▼▼▼

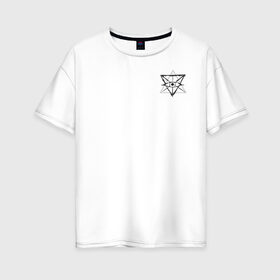 Женская футболка хлопок Oversize с принтом OKO в Петрозаводске, 100% хлопок | свободный крой, круглый ворот, спущенный рукав, длина до линии бедер
 | око | пирамида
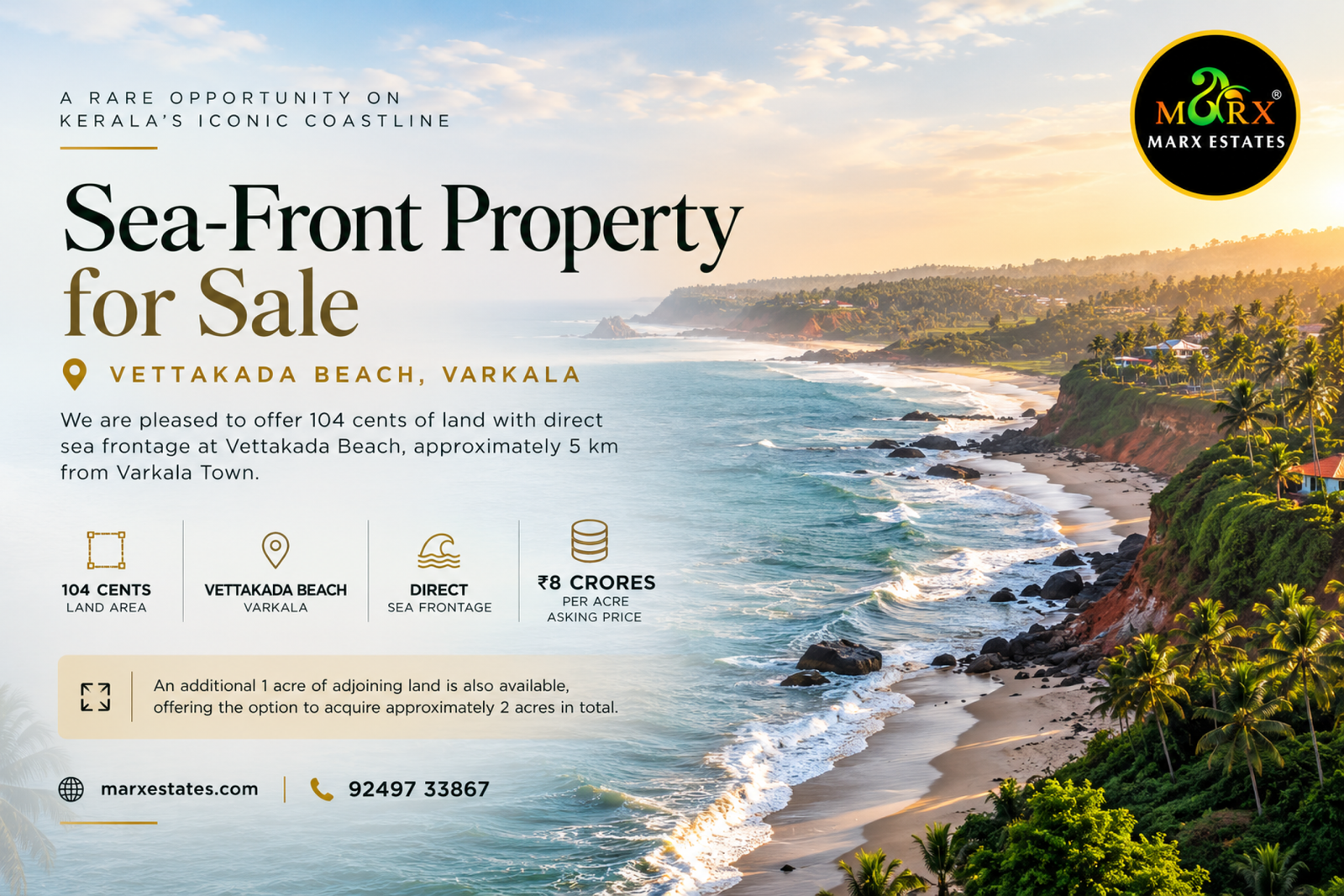 Sea-Front Property in Varkala for sale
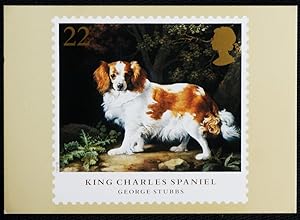 George Stubbs Artist King Charles Spaniel Dog Royal Mail Postcard Issued 1991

▲▲▲

▶ **GOAL OF THE EXERCISE**: The material above is to be transcribed exactly, with its images omitted.

▶ **RESULT**:
 Женская футболка хлопок Oversize с принтом OKO в Петрозаводске, 100% хлопок | свободный крой, круглый ворот, спущенный рукав, длина до линии бедер
 | око | пирамида
 Sea-Front Property in Varkala for sale
 George Stubbs Artist King Charles Spaniel Dog Royal Mail Postcard Issued 1991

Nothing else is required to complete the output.